Back in contemporary Scotland, her boyfriend and colleagues search frantically for Alex, confused and worried since Alex had mysterious disappeared some years before -- a disappearance that resulted in her young son. Additionally, a mysterious robber keeps trying to steal something from Alex's father, and a client of Alex's has an angry -- and violent -- fascination with her and her family.

This is not your standard time-slip story, where our heroine goes back in time and mucks through it (I'm thinking Outlander, and this book does beg comparison with Gabaldon's novel. However, other than time travel and Scotland, the two aren't similar. There's certainly a strong romantic element as well as the inevitable acceptance of historical patriarchal attitudes about women but the heroine, hero, and plot threads are different.). Belfrage introduces a magical world system of 'time nodes', a family of time-travelers, artists, and scientists trying to control this power. Alex's mother is a complicated woman with a complicated history, and as Alex's contemporary family and friends try to find her, a greater mystery emerges.

Time slip historical fiction -- novels in which contemporary people travel back in time -- are a bit like backpacking to me: I love the idea, but I don't like the work.
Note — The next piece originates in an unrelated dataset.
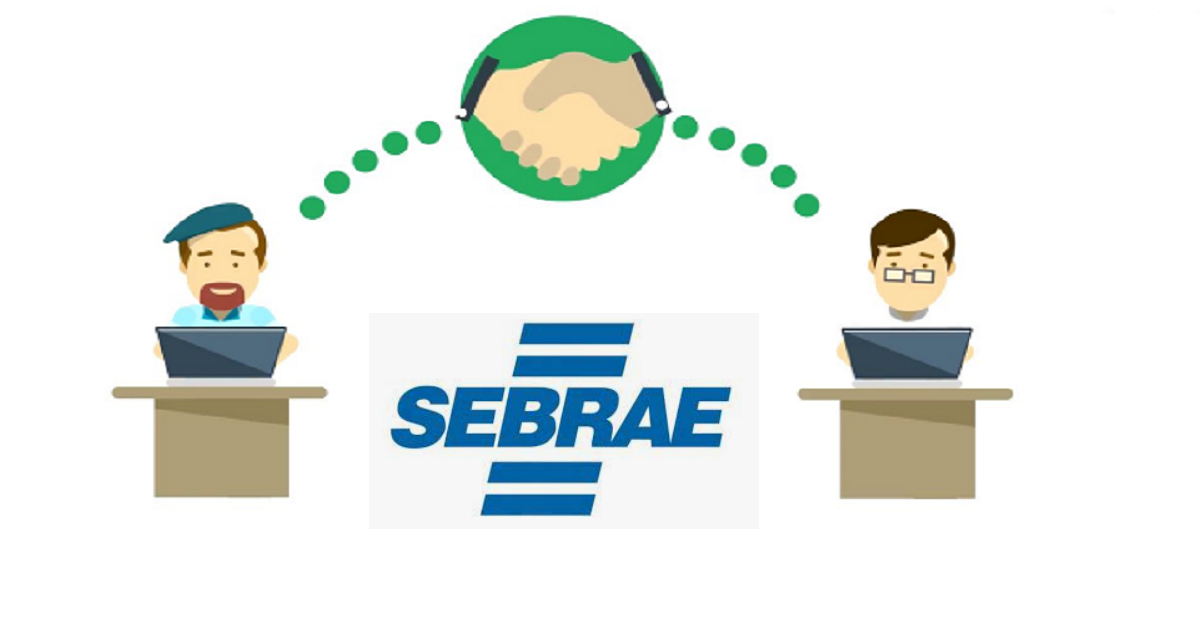 sebrae guia passo a passo renegociação de dívidas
The inevitable modern-person-responding-to-the-past/historical-person-responding-to-the-interloper thing exhausts me -- it needs to feel real but can't dominate the whole book. In this case, I thought Belfrage handled the present-to-past thing well -- her characters were in shock, talked about it, disbelieved, and eventually moved on in a reasonable amount of time. (Belfrage's jump to sex between her hero and heroine, on the other hand, felt a bit rushed to me, as did our heroine's ease with which she moved on from her son.)
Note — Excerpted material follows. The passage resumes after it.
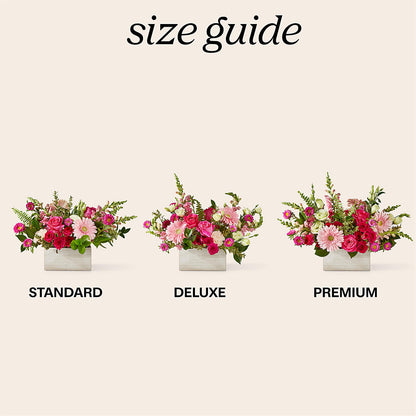 Too Cute Bouquet –  Nacogdoches Floral Company, Nacogdoches TX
This book was fun but not without a few problems for me. The writing was a tiny bit clunky at times and Belfrage jumped between multiple points-of-view in a single paragraph, which I found jarring. The start of the book literally plunges you in and it took me some time to make sense of all the players but by 60 pages, I had a sense of the story and didn't want to stop reading. While there were some inconsistencies with Alex throughout the novel in terms of behavior and attitudes, I gave it a pass because people are inconsistent and I didn't mind the story.

Overall, a fun action-y novel with some interesting magical-ish world building. Recommended for folks who want a little fluff, a little history, and a lot of sexytimes. While there is a sequel, the novel ends satisfactorily so cliff-hangers -- but if you want more, there's a sequel and Belfrage is working on a third book in the series.